Problem statement: The whole listing below needs to be duplicated exactly, pictures aside.

Records for processing:
----------------

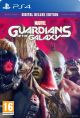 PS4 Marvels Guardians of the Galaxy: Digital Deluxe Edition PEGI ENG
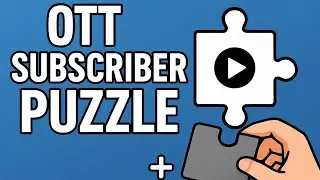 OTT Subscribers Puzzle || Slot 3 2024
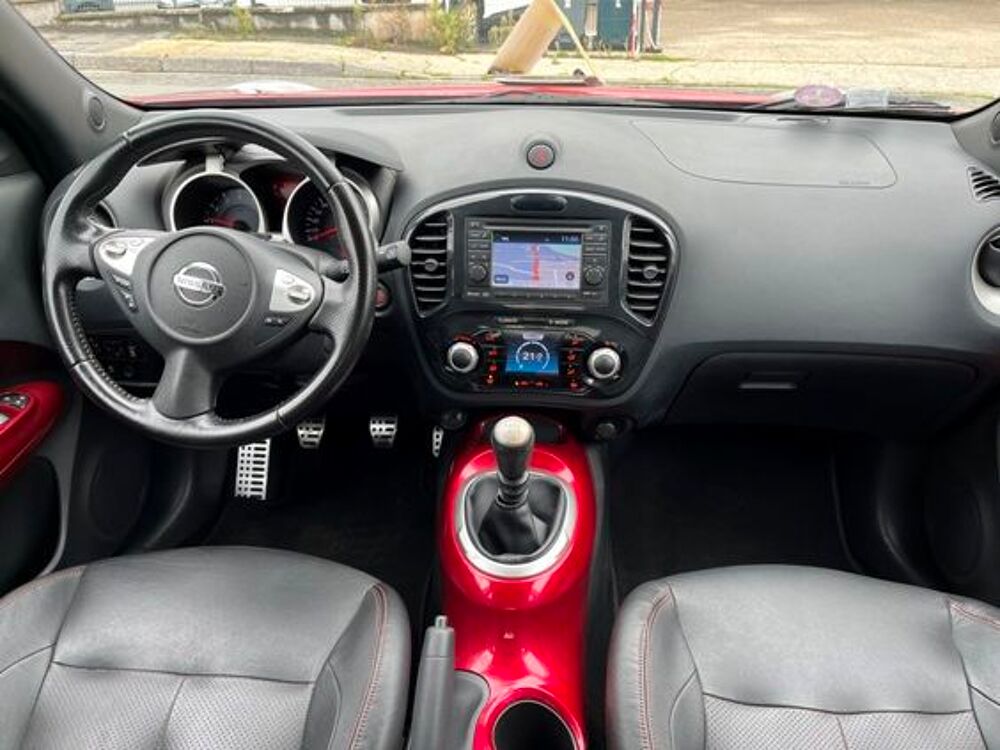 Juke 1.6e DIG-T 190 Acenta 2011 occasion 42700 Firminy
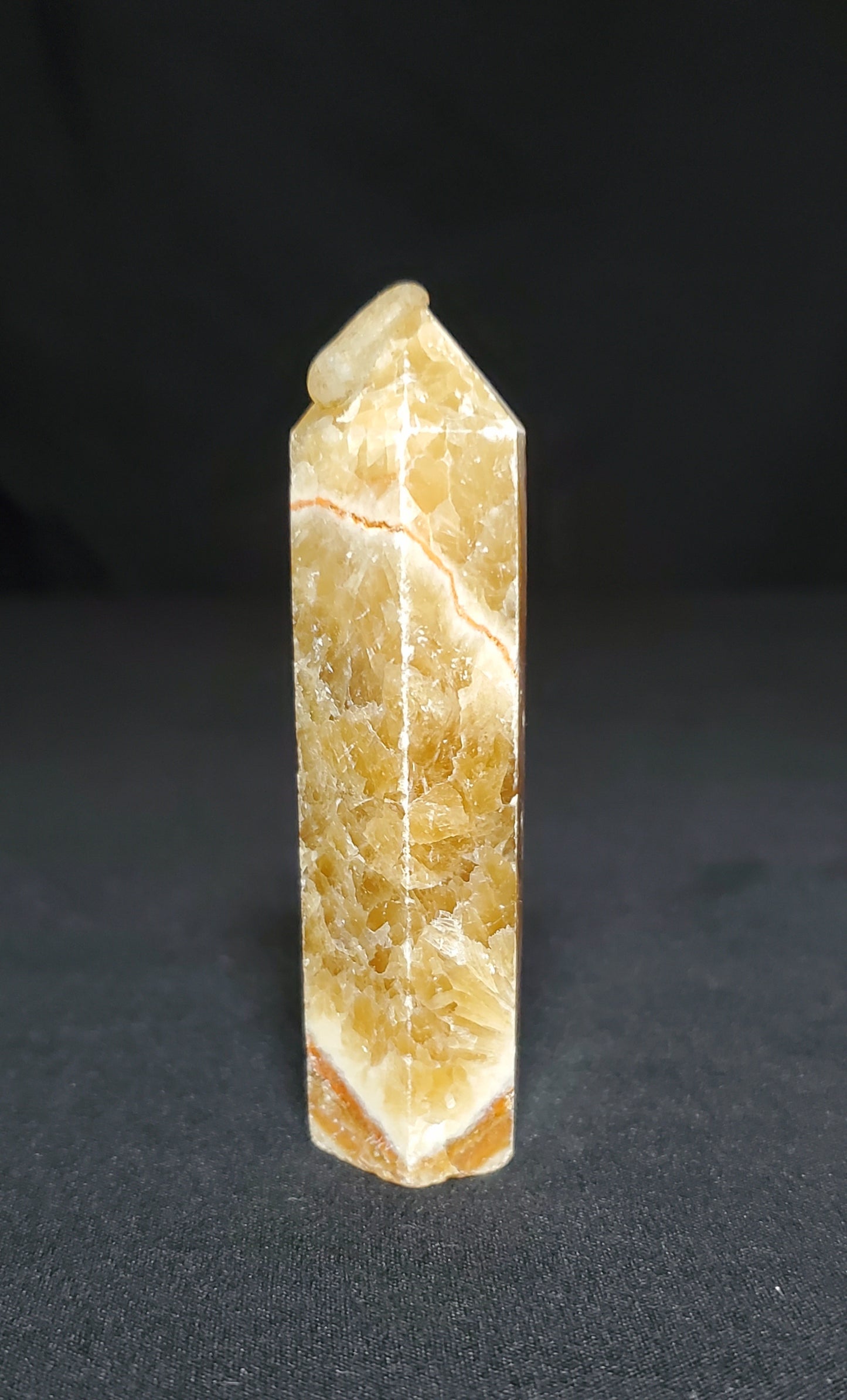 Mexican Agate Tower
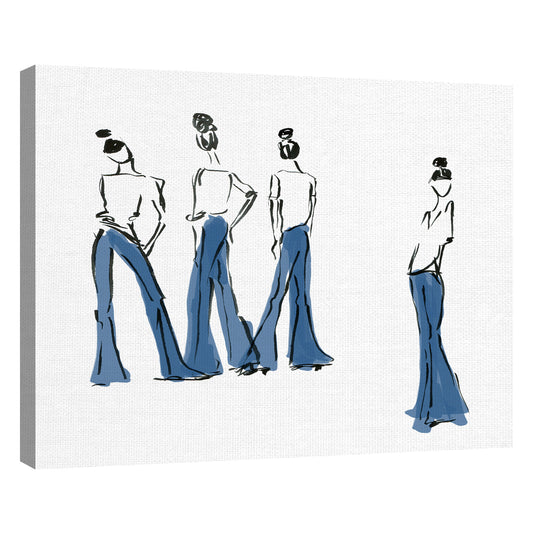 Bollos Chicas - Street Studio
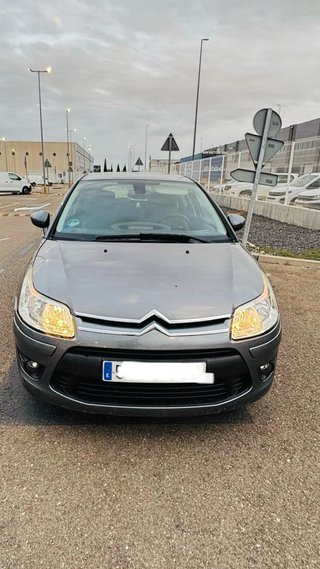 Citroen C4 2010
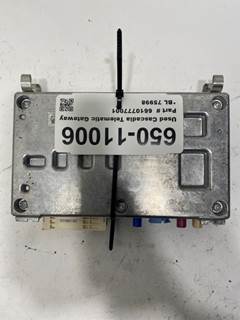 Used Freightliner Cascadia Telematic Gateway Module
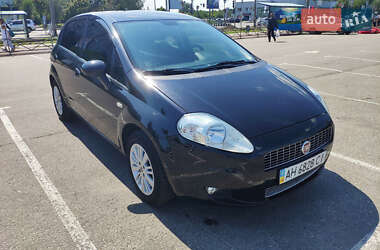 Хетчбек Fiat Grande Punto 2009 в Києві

----------------

Output of the task:
 PS4 Marvels Guardians of the Galaxy: Digital Deluxe Edition PEGI ENG
 OTT Subscribers Puzzle || Slot 3 2024
 Juke 1.6e DIG-T 190 Acenta 2011 occasion 42700 Firminy
 Mexican Agate Tower
 Bollos Chicas - Street Studio
 Citroen C4 2010
 Used Freightliner Cascadia Telematic Gateway Module
 Хетчбек Fiat Grande Punto 2009 в Києві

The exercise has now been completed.